# [Raw data]
Start of Block
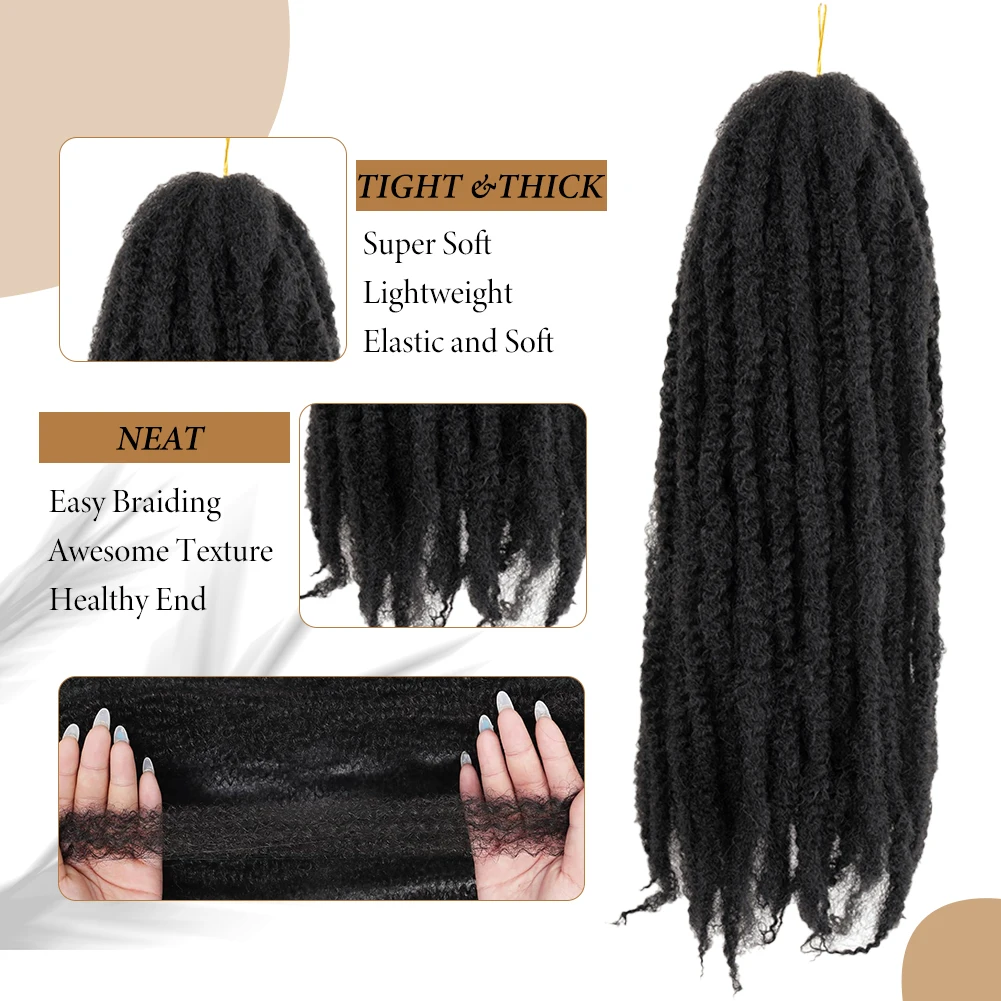 Marley torção trança de cabelo longo afro kinky premium fibra sintética marley extensões de cabelo 18 Polegada marley cabelo crochê tranças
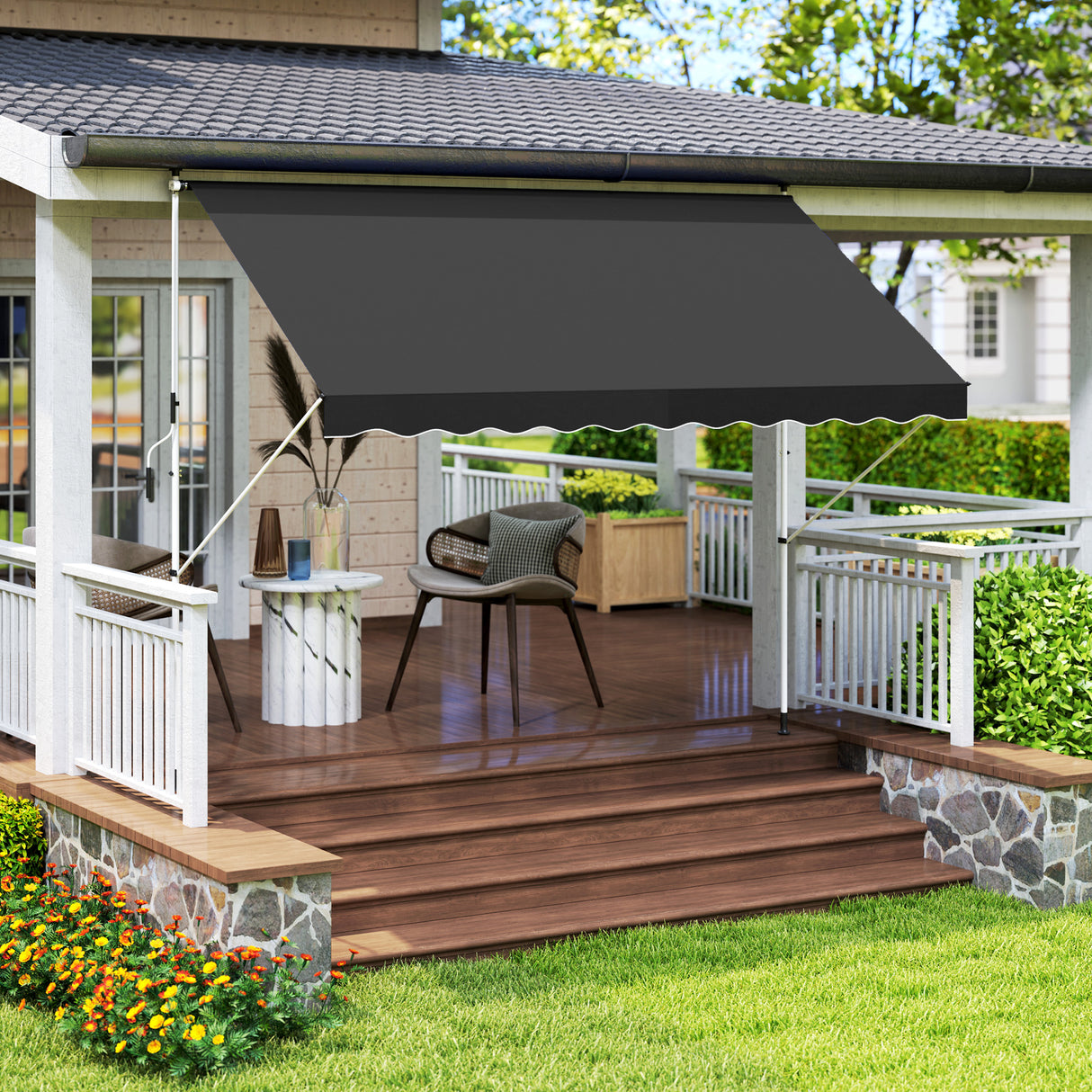 Polyester Manual Awning 300cm Wide x 175cm Depth - Velmora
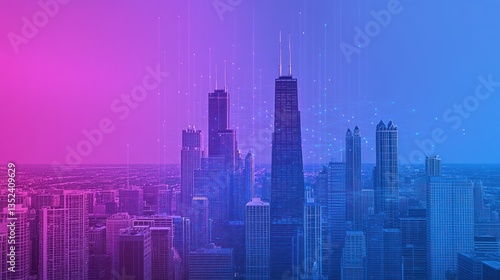 Aerial view of Chicago skyline with digital network overlay. Possible use Stock photo for technology, data visualization, future city concepts, or urban design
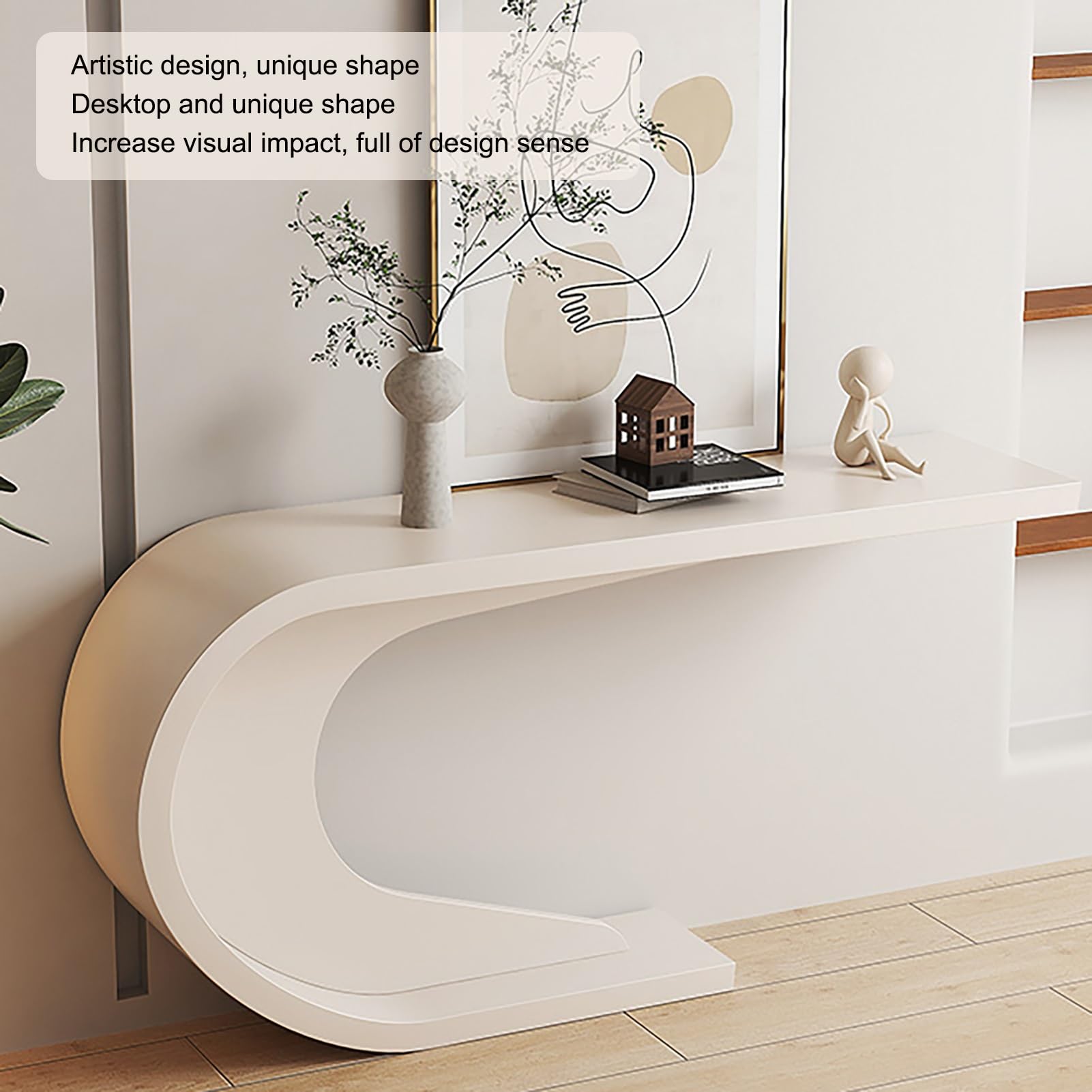 JHDXL Mesa Consola Moderna Entrada Recibidor, Mesa de Entrada con Marco geométrico de Metal, Mueble Recibidor para Sofá Estrecha para Entrada, Sala de Estar(Grey)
End of Block
# [Task prompt]
Restate word for word each line from the top of the listing down to and including the line that holds "Polyester Manual Awning". Drop any pictures.

# [Answer space]
 Marley torção trança de cabelo longo afro kinky premium fibra sintética marley extensões de cabelo 18 Polegada marley cabelo crochê tranças
 Polyester Manual Awning 300cm Wide x 175cm Depth - Velmora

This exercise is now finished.